Games in Normal Form
Analyzing Games: From Optimality to Equilibrium
Further Solution Concepts for Normal-Form Games
Games with Sequential Actions: The Perfect-information Extensive Form
Generalizing the Extensive Form: Imperfect-Information Games
Repeated and Stochastic Games
Uncertainty about Payoffs: Bayesian Games
Coalitional Game Theory
History and References
Index

About the Author(s)

Kevin Leyton-Brown, University of British Columbia
Kevin Leyton-Brown is a professor of Computer Science at the University of British Columbia and an associate member of the Vancouver School of Economics. He holds a PhD and M.Sc. from Stanford University (2003; 2001) and a B.Sc. from McMaster University (1998). He studies the intersection of computer science and microeconomics, addressing computational problems in economic contexts and incentive issues in multiagent systems. He also applies machine learning to the automated design and analysis of algorithms for solving hard computational problems.

Yoav Shoham, Stanford University
Yoav Shoham is Professor of Computer Science at Stanford University, where he has been since receiving his PhD in Computer Science from Yale University in 1987 and spending an abbreviated post-doctoral position at the Weizmann Institute of Science. He has worked in various areas of AI, including temporal reasoning, nonmonotonic logics and theories of commonsense. Shoham’s interest in recent years has been multiagent systems, and in particular the interaction between computer science and game theory. Shoham is a Fellow of the Association for Advancement of Artificial Intelligence (AAAI), and charter member of the Game Theory Society. He is an author of four books, an editor of one, and an author of numerous articles. He is also a founder of several successful e-commerce software companies.

Reviews

Beyond its obvious attractiveness, game theory is one of the fundamental techniques in decision systems. Its development spans almost a century and is still an open avenue of research. However, since it’s crowded with mathematical difficulties that make the methods cumbersome to read and apply, most newcomers to the field find it very difficult to understand. This is not true, though, as this short book nicely shows. As Leyton-Brown and Shoham notice in the preface, it is rather difficult to imagine that anyone who wishes to enter the field of game theory is unaware of many, if not all, of the concepts discussed in the text. Therefore, this is a book with a concise, clear, and organized introduction to the main concepts of game theory. For the ambitious reader, the book often discusses current scientific research. In other words, it is a gentle introduction, covering the basics of game theory to the current state of the art, in easy-to-read and understandable language.
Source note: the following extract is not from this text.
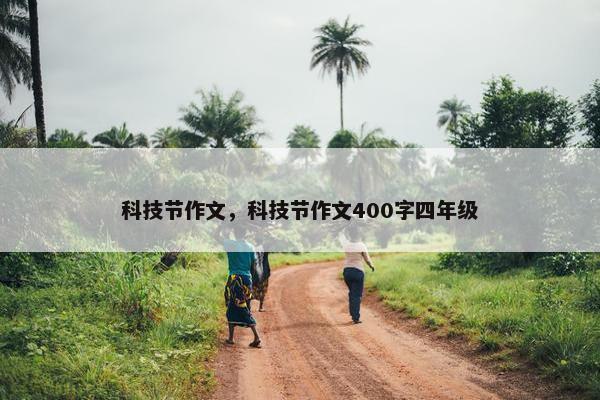 科技节作文，科技节作文400字四年级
The book is very well organized. The chapters follow one another naturally and, surprisingly, the level of difficulty is kept the same throughout the book–compared to other technical books where the difficulty increases as reading progresses. It also does an excellent service of providing a wonderful motivation for the study of game theory, without getting into very involved discussions on rationality and other related concepts that often appear in other books on game theory. The book covers the main topics–representational issues and different sorts of equilibria computing–with clarifying examples. The book does not end every chapter with a collection of exercises, but the alert reader will find, scattered throughout the book, key questions that better serve this purpose. It also doesn’t end each chapter with a proper discussion of historical remarks, but the expositions are often complemented with annotations of who did what and why. Also, although the book does not provide chapter cross-referencing in the beginning, all chapters in the book have plenty of pointers to other sections that make it easy to read them in a different order and still grasp the main concepts. Despite its small size, this book presents a lot of information about game theory.